Now we have finalised the creation of the reservoir ;
the reservoir is the small stomach which will be used for eating.
Next , we take that part of the intestine which we had left below
and we bring it up ,to join it with the reservoir.
we are now going to begin the most important phase of the operation
and also the most difficult , which is joining that small stomach with the intestine.
This phase is crucial , because how food passes depends on it,
and there must be no kind of loss or leakage at this stage in digestion
so the patient , finally , has a comfortable feeling when ingesting food.
Once we have finished this gastomosis , this linking ,
we have to check that its diameter is correct
and that there is no loss or leakage , either.
To do this we use the same tube we used to calibrate the reservoir.
we pass it through this loop to ensure it has an appropriate diameter
and we inject a dye , which in this case is called methylene blue
to check there is absolutely no leakage.
Once we have checked that this phase is complete , we finalise the operation
by positioning a drain , close to this linking ,
which will tell us if there is any complication in the post-operative period.
As you can see , we have performed successive checks to give this operation
the absolute safety it deserves ;
the day after the operation ,the patient , before drinking anything ,
goes to have an X-ray , having taken a sip of liquid contrast , and we check once more
that the whole process works properly.
From this moment , when we get the radiological confirmation that everything is correct , the patient can start to drink
and starts with liquids , moving up to semi-solids.
He or she will be allowed home on the third day after the operation
and the drain is removed on the sixth day.
With this presentation , we believe we give a good idea
of what a gastric by-pass by laparascope is like ,
the operation being performed with absolute safety.

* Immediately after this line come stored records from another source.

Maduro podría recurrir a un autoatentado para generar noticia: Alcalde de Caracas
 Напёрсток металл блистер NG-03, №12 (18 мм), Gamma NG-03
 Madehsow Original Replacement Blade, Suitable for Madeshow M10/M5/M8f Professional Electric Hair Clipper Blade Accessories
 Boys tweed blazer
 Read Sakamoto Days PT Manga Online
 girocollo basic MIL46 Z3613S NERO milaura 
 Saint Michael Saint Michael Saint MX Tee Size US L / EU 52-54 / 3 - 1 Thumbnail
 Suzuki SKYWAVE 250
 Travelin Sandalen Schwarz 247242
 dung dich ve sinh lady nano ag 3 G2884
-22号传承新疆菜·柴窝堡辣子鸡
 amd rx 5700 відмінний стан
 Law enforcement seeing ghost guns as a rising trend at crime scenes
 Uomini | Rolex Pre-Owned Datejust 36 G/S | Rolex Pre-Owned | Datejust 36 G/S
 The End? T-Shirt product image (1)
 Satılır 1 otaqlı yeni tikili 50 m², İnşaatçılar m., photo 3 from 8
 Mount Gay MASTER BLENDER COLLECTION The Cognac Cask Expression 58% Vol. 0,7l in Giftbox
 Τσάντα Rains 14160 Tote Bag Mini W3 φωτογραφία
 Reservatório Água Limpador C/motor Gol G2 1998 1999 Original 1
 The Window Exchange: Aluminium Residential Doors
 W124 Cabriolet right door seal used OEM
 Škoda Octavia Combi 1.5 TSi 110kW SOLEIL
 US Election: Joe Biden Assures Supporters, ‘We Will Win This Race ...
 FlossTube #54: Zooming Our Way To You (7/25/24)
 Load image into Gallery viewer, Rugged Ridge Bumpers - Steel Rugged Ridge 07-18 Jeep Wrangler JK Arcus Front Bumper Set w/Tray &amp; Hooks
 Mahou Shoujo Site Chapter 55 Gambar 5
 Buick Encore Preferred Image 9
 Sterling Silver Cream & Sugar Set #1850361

From this moment, the patient will start to lose weight ;
in the first three months it is estimated that he or she will lose 40% of excess weight ,
in the first six months this rises to 60%,
and after a year approximately between 80 and 85% of excess weight.
Most of the associated illnesses from which they could suffer will disappear
and the quality of life they enjoy is absolutely , definitely normal,
with the self-confidence provide by a new look which is much more easily accepted by society.
We are here , precisely for this reason -
to give back their physical and psychological health to all those people who need it.